- THE PROBLEM: Look below for the line containing "12x18 Beartooth Mountains"; from there through the line containing "Plan du site", both lines included, please set down each line exactly and nothing else.

── INPUT DATA

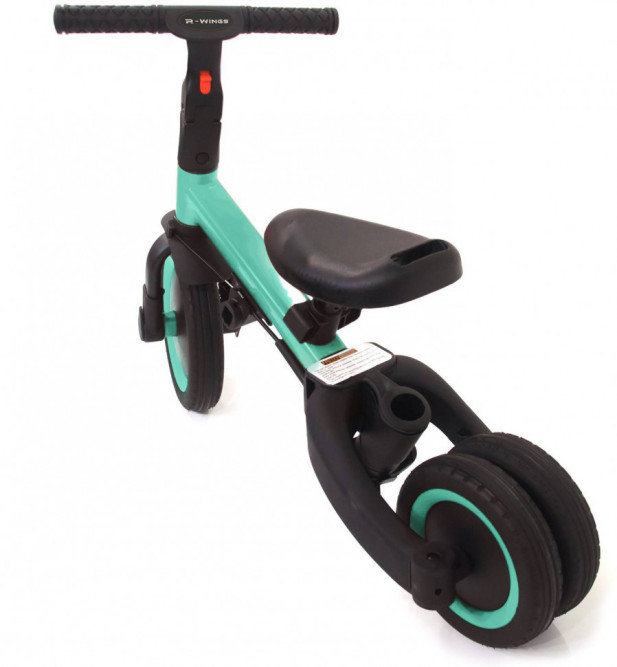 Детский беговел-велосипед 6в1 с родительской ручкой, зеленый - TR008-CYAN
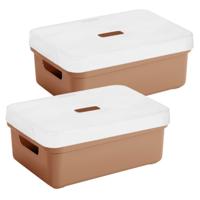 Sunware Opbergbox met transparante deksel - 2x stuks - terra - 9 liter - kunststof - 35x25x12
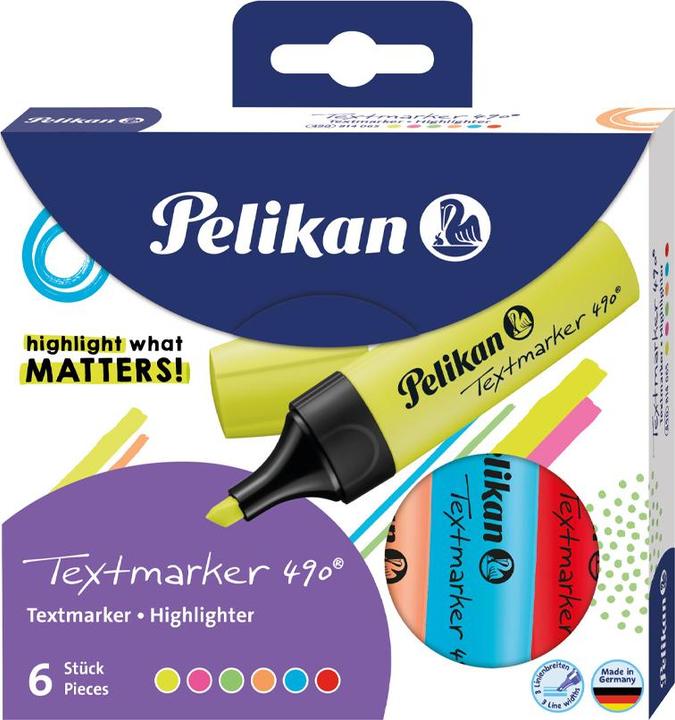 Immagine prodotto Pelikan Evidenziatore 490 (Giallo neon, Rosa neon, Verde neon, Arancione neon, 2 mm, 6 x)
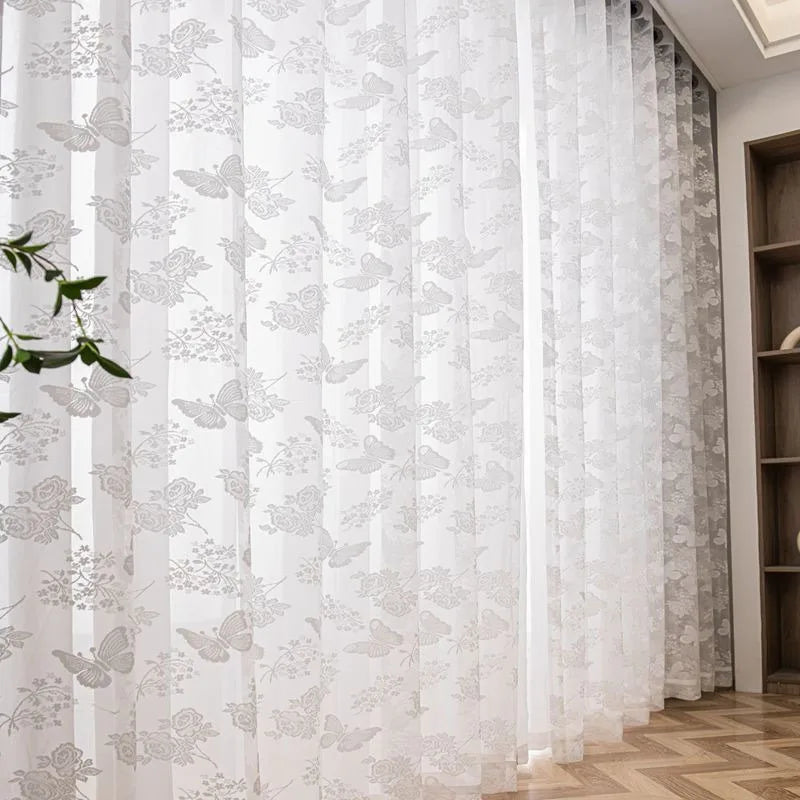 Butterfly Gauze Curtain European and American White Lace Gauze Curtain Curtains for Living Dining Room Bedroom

────
── INPUT DATA

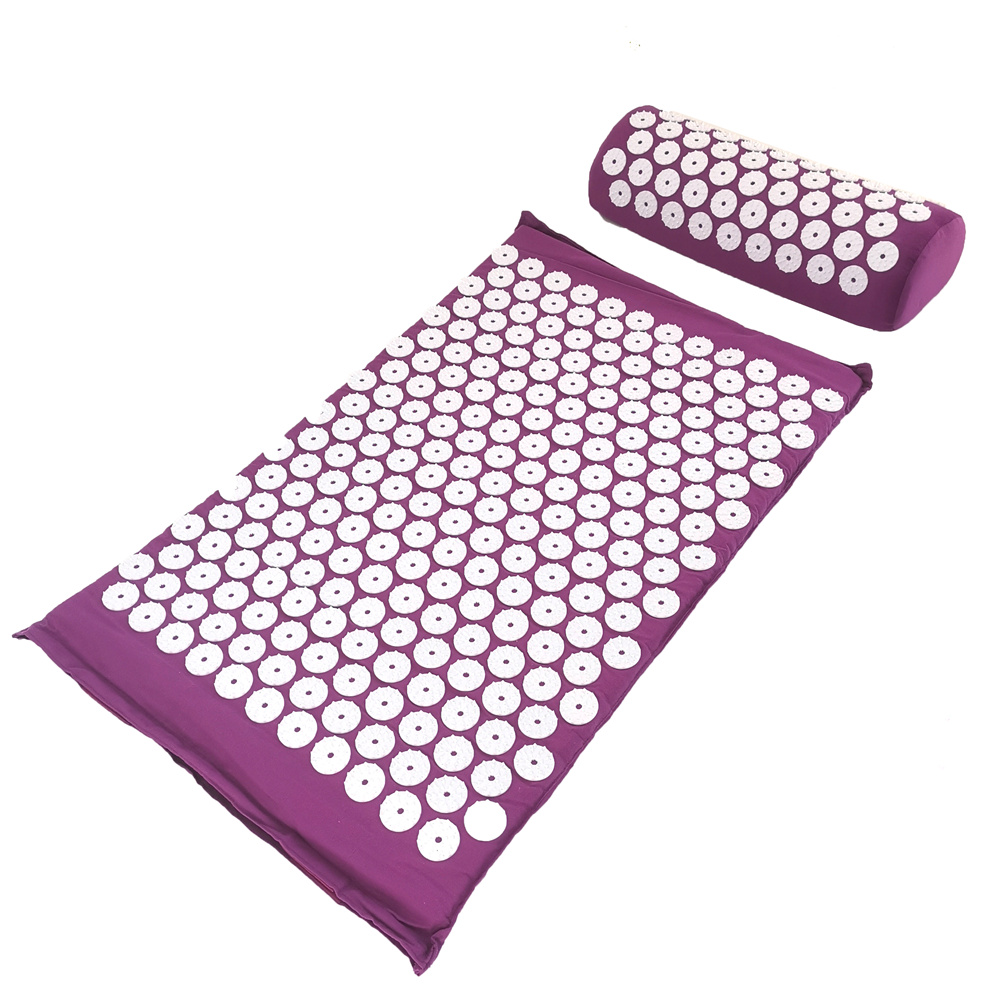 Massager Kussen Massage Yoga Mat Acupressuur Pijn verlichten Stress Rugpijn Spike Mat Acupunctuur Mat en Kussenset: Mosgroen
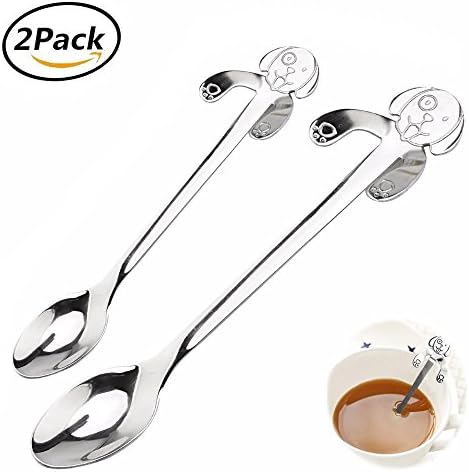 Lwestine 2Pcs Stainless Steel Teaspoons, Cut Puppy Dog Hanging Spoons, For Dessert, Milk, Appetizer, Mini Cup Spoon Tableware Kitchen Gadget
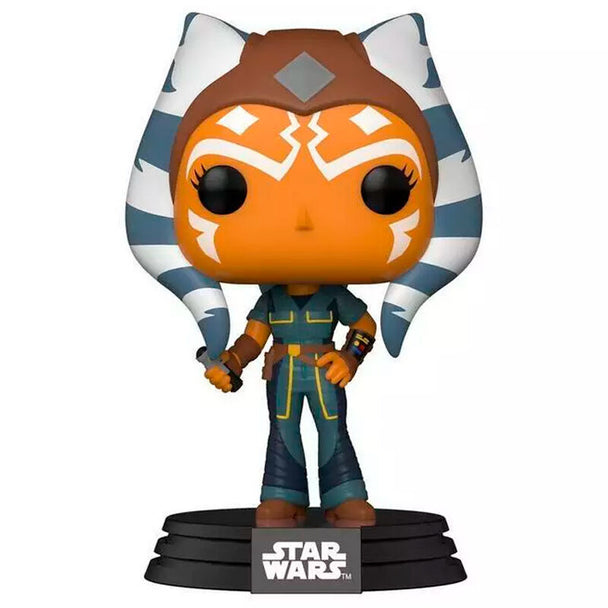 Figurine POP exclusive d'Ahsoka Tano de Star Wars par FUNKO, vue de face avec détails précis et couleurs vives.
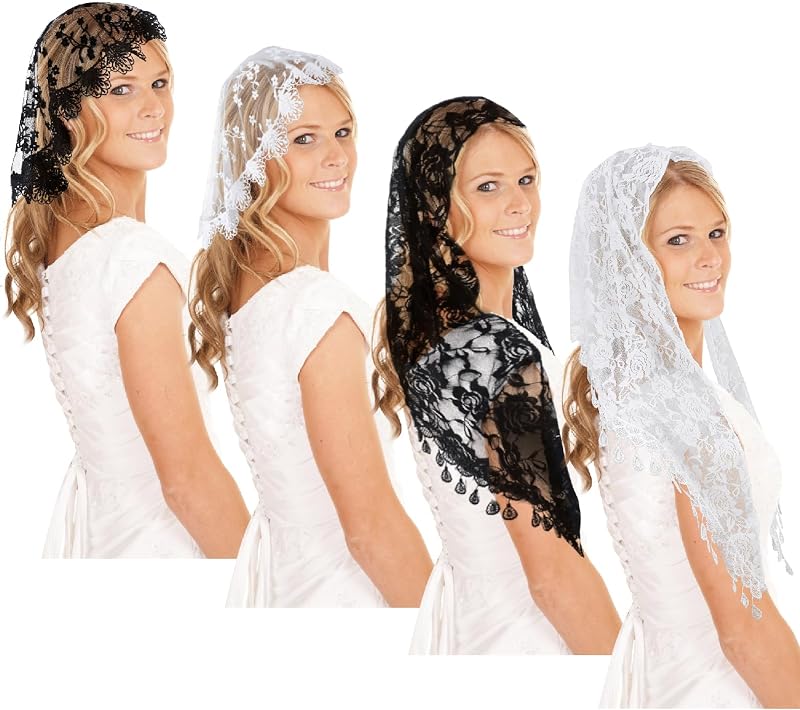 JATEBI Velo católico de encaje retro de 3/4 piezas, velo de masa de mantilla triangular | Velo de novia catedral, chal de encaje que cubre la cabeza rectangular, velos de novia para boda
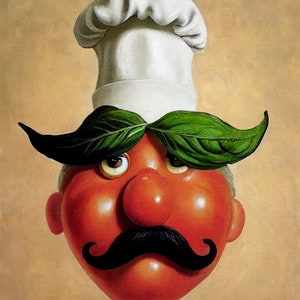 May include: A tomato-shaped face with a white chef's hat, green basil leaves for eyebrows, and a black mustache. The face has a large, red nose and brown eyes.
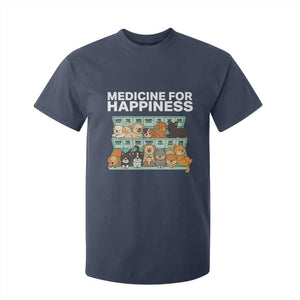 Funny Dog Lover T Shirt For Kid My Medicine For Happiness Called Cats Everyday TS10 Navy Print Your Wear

────
── INPUT DATA

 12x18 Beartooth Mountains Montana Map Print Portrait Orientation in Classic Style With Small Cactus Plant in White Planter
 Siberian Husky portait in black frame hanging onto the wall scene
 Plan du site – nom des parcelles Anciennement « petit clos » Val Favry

────

- WRITTEN REPLY:
 12x18 Beartooth Mountains Montana Map Print Portrait Orientation in Classic Style With Small Cactus Plant in White Planter
 Siberian Husky portait in black frame hanging onto the wall scene
 Plan du site – nom des parcelles Anciennement « petit clos » Val Favry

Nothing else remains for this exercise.